◆ Records to use
= Beginning of Section =
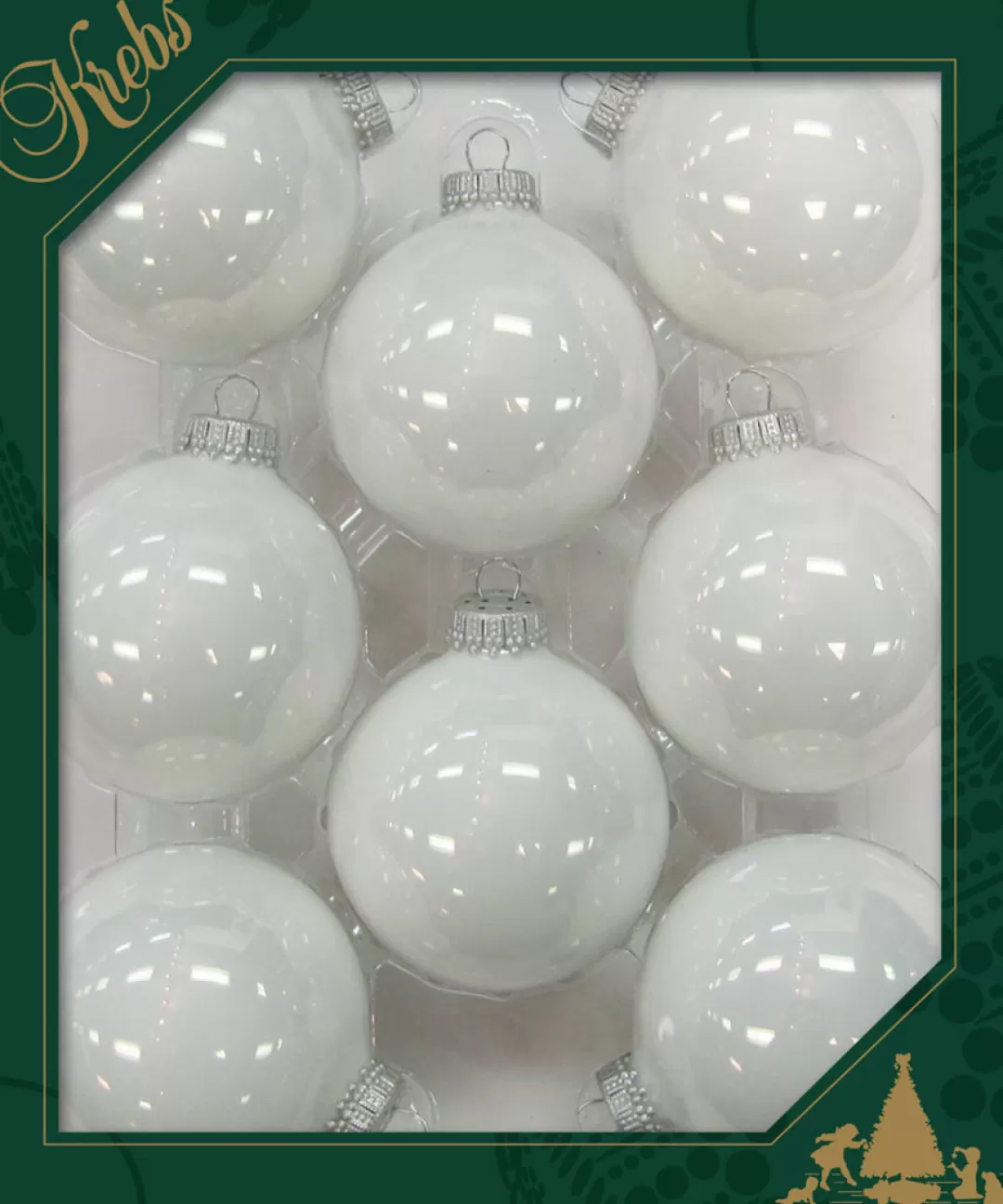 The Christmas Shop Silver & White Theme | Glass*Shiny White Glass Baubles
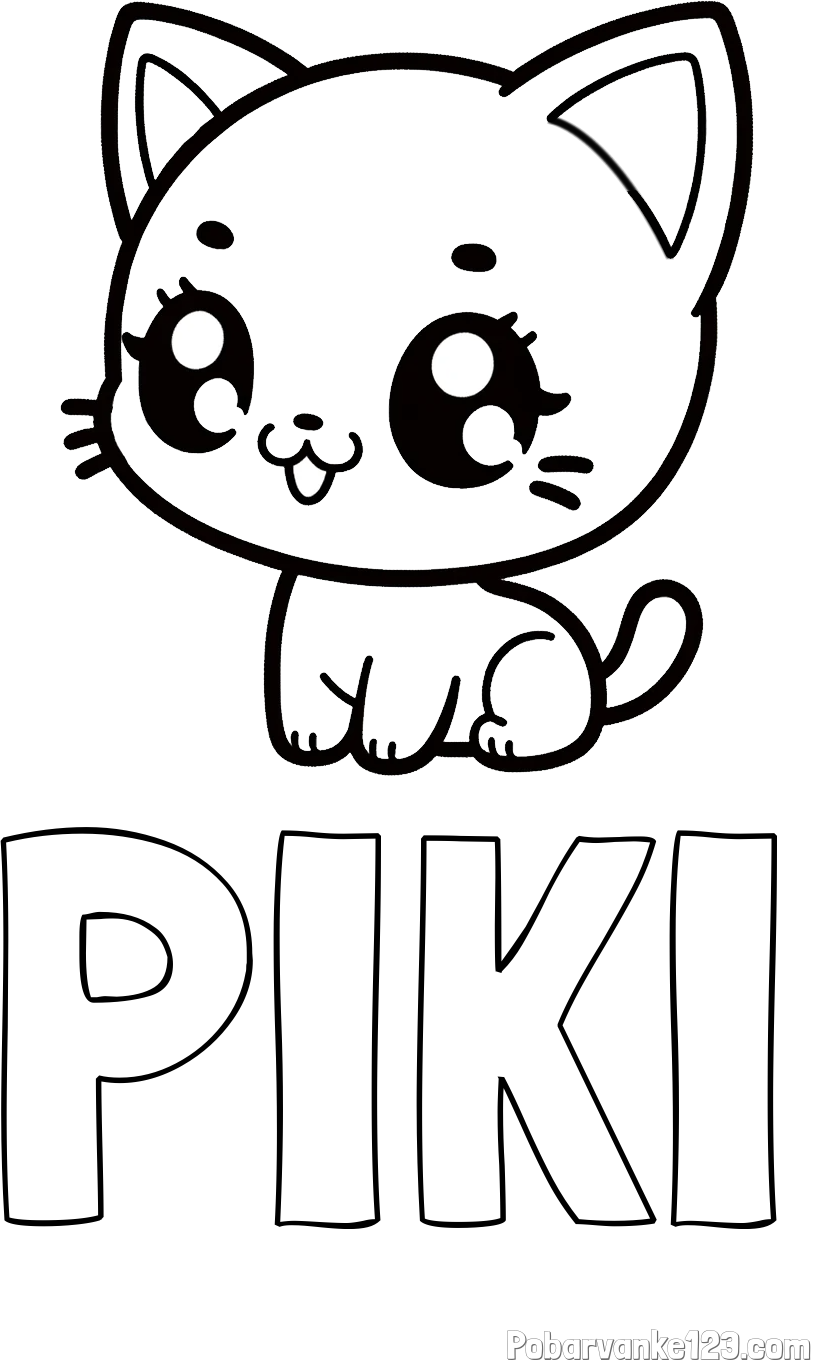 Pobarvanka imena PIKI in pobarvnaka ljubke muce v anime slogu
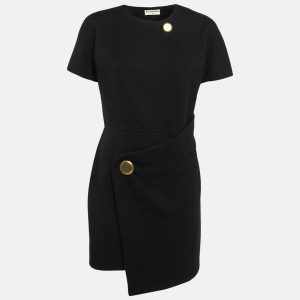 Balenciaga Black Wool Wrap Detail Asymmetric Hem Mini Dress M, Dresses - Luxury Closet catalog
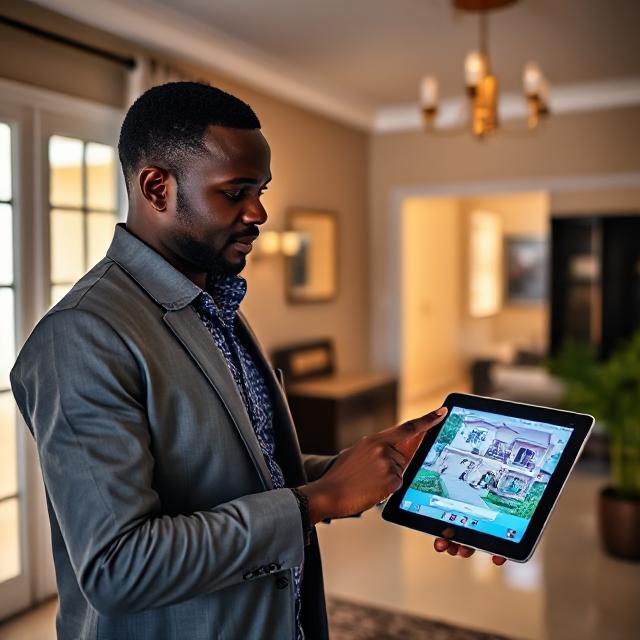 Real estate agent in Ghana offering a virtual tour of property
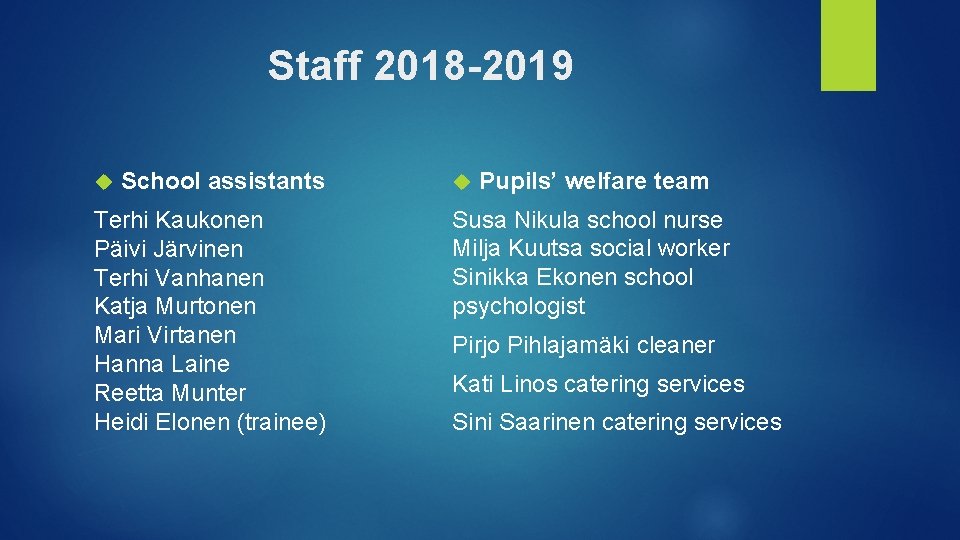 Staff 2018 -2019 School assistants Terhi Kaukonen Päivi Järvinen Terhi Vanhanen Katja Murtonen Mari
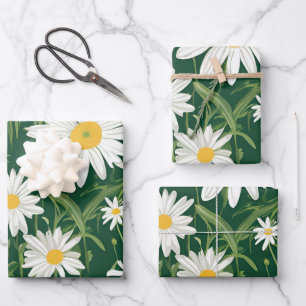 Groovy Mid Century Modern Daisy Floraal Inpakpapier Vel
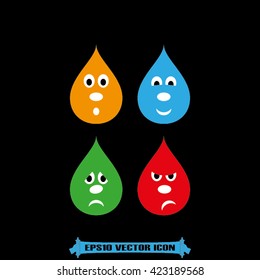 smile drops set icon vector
= End of Section =
◆ Exercise
Each entry should be repeated exactly as it appears; the pictures stay out.

◆ Exercise solution
 The Christmas Shop Silver & White Theme | Glass*Shiny White Glass Baubles
 Pobarvanka imena PIKI in pobarvnaka ljubke muce v anime slogu
 Balenciaga Black Wool Wrap Detail Asymmetric Hem Mini Dress M, Dresses - Luxury Closet catalog
 Real estate agent in Ghana offering a virtual tour of property
 Staff 2018 -2019 School assistants Terhi Kaukonen Päivi Järvinen Terhi Vanhanen Katja Murtonen Mari
 Groovy Mid Century Modern Daisy Floraal Inpakpapier Vel
 smile drops set icon vector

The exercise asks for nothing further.